[Opening RECORDS PROVIDED section]
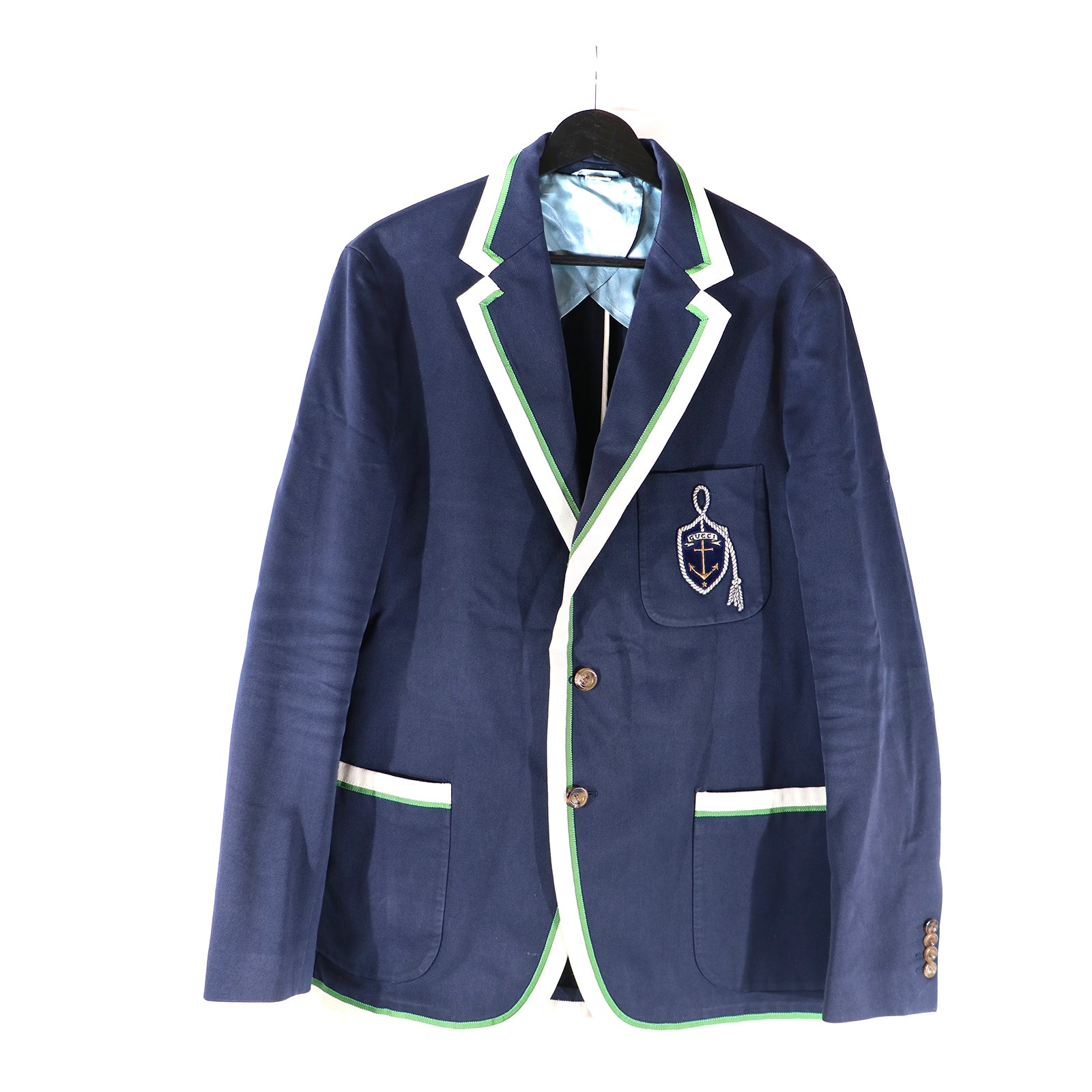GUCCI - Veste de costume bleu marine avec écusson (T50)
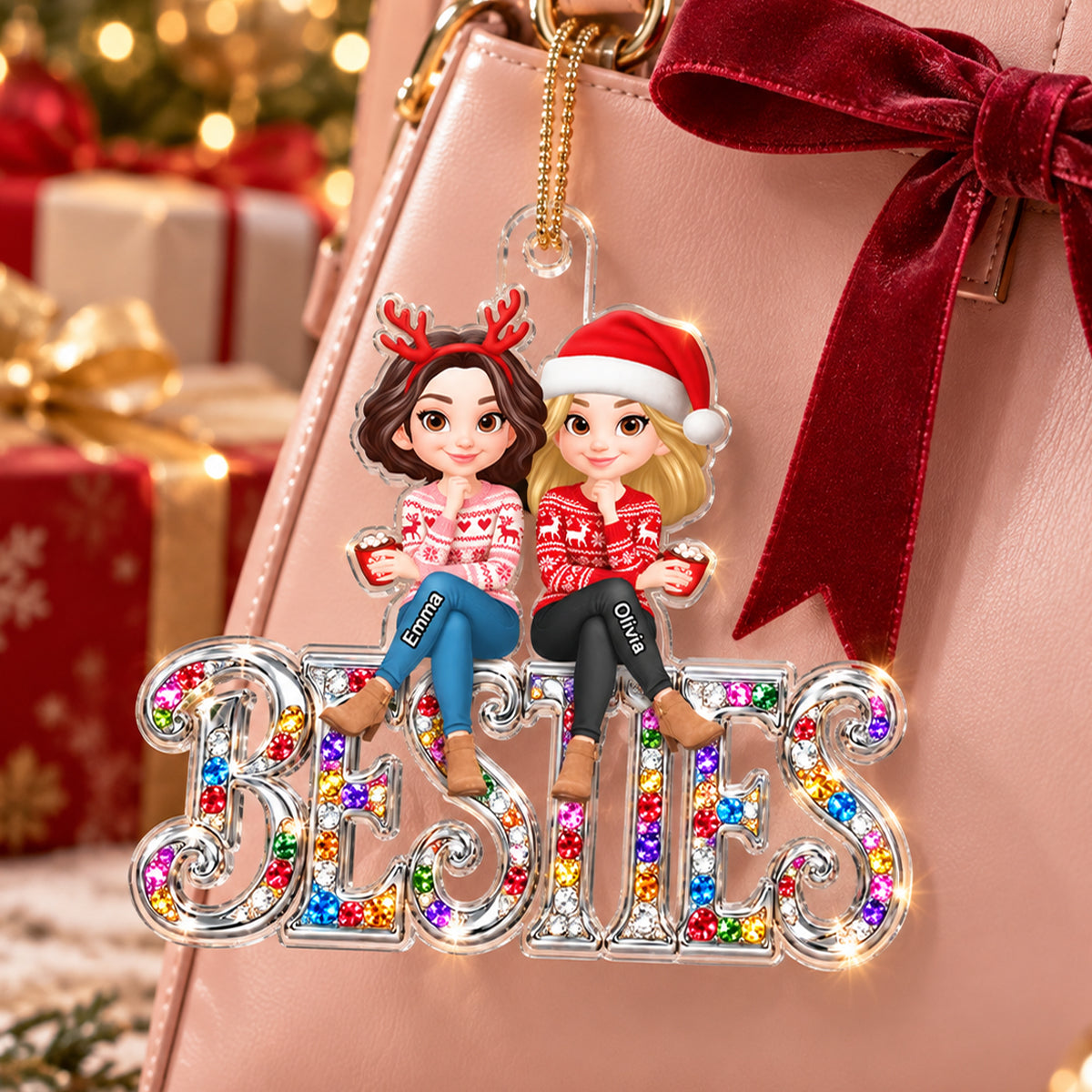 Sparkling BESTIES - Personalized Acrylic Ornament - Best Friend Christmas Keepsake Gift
[Closing RECORDS PROVIDED section]
[Opening RECORDS PROVIDED section]
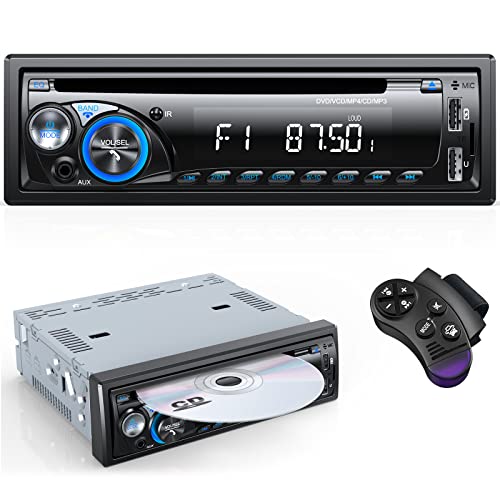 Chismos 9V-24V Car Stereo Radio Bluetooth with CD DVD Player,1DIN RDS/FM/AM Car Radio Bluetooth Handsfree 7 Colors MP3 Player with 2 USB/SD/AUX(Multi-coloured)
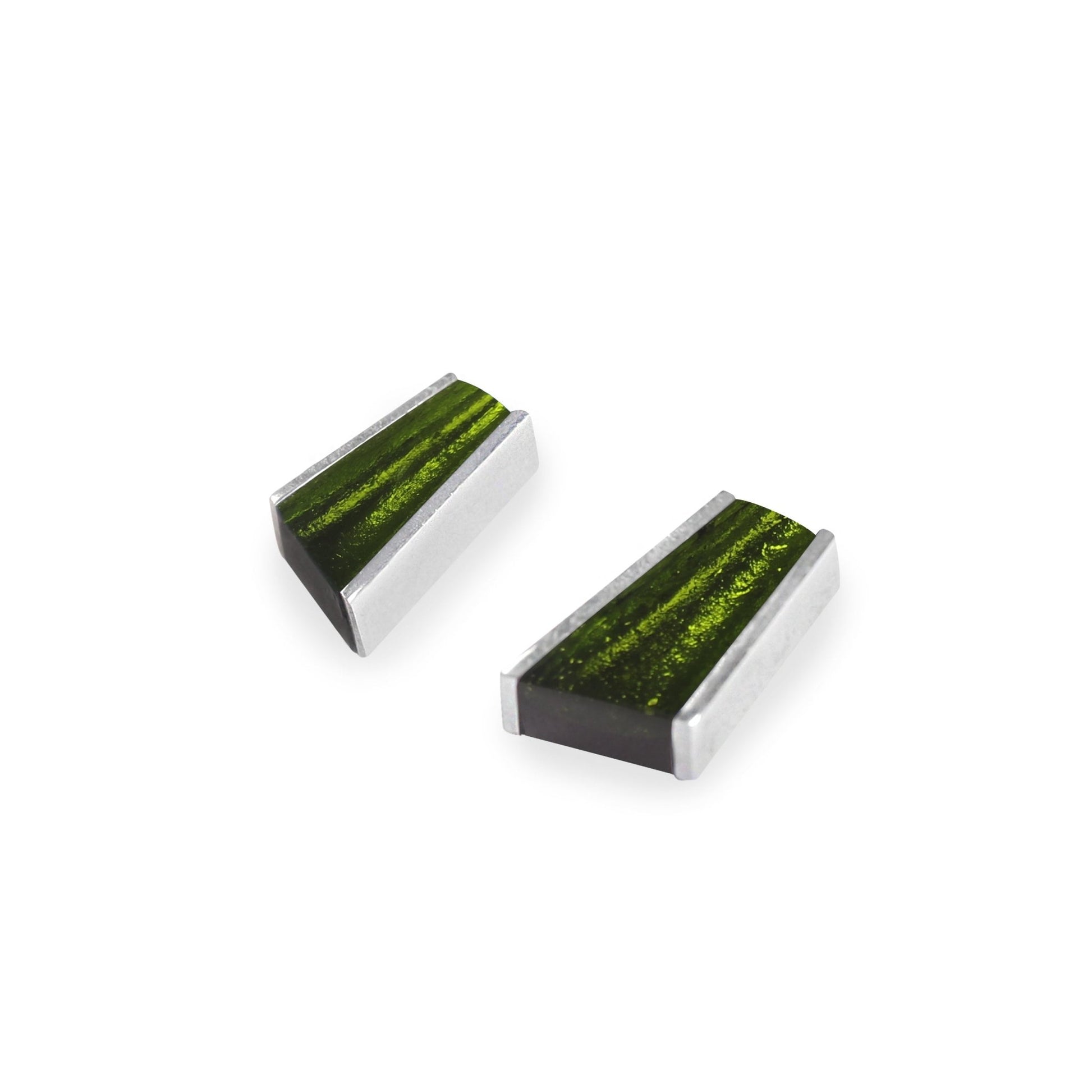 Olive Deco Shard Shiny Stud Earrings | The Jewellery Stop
[Closing RECORDS PROVIDED section]
[Opening RECORDS PROVIDED section]
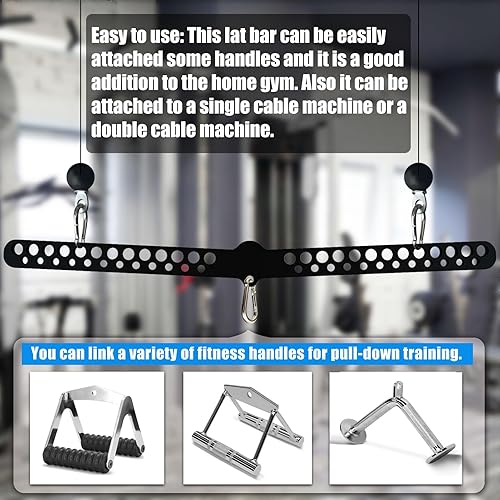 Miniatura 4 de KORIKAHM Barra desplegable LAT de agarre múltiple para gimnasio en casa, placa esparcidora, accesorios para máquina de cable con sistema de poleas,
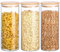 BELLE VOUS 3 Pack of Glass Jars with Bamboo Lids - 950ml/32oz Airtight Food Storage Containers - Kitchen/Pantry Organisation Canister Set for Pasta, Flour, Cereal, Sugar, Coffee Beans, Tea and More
[Closing RECORDS PROVIDED section]
> _EXERCISE PROMPT_
Leave out every picture, and copy exactly the lines above starting at the one holding "GUCCI - Veste" and ending at the one holding "Sparkling BESTIES - Personalized", no more and no less.

> _RESULT OF THIS TASK_
GUCCI - Veste de costume bleu marine avec écusson (T50)
 Sparkling BESTIES - Personalized Acrylic Ornament - Best Friend Christmas Keepsake Gift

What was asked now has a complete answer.